Confused by Theology of the Body
The Catholic Theological Society of America is meeting again. They seem to be trying to figure out what John Paul’s Theology of the Body means. It is interesting because at the outset they assume it cannot means what it actually says. That is that as men and women our bodies are created in harmony with a much deeper reality about ourselves. That things like contraception, gay marriage, and female ordination don’t just contradict who we are physically but spiritually as well. The CTSA is a collection of liberal theologicans and they know more surely than they know anything that that can’t be right. But it is becoming impossible to ignore. Young Catholics and most bishops are embracing it more and more all the time. So what is a guy like David McCarthy going to make of that? Well, John Allen tells us:
In a sound-bite, McCarthy said that today’s young Catholic is looking to “invite back in our own version of Archie Bunker” – the cantankerous authority figure so thoroughly lampooned and dethroned in American culture in the 1970s and afterwards.
That instinct, which McCarthy defined as an “awkward, inarticulate, but overwhelming desire for home,” helps explain the attraction of many young Catholics to John Paul II’s theology of the body, McCarthy said.
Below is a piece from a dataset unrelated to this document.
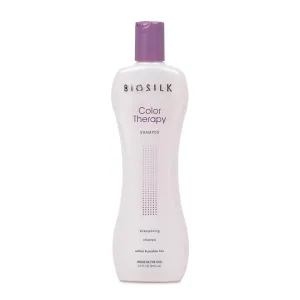BioSilk Color Therapy Shampoo, Gently Cleanses Without Stripping Hair Color, Color Protection While Cleansing, Sulfate, Paraben & Cruelty-Free, 12 Oz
In reality, he said, many of these young Catholics have never actually read John Paul’s writings on the subject, but they’ve picked up two points from it:
• Sexual intimacy is wonderful
• Sexuality “gives us rules and duties,” meaning that it’s “the context of a vocation.”
He is right that many young Catholics have not read much of John Paul’s actual writings. They typically read guys like Christopher West, Steve Kellmeyer, Dawn Eden, Fr Roger Landry, Jason Evert, Mary Beth Bonacci, Janet Smith, etc. But that is just because people like that have made the theology more accessible. But to imply that everything they have learned can be summed up in 18 words is beyond silly. Liberal theologians seem to only understand eachother. They don’t seem to understand God and they don’t seem to understand why people want God.
The reference the Archie Bunker is quite revealing. It reveals much about McCarthy’s idea of what authority is all about. Society is where you find holiness and Rome is where you find bigotry and an irrational clinging to outdated ideas. He can’t understand why anyone would see John Paul and Benedict as holy men and see gay marriage, abortion and pornography as something to rebel against. He can’t seem to get his mind around that. So he assumes it is because they are just stupid.
It is interesting to me how you can have two vastly different traditions both calling themselves Catholic. The same principle for determining truth applies. Follow the pope and the bishops. It does not matter if the other contenders are protestant or Catholic. It does not matter how big their church is or how many letters they have behind their name. Where is the successor of Peter? Where are the successors of the apostles? That is how to find truth.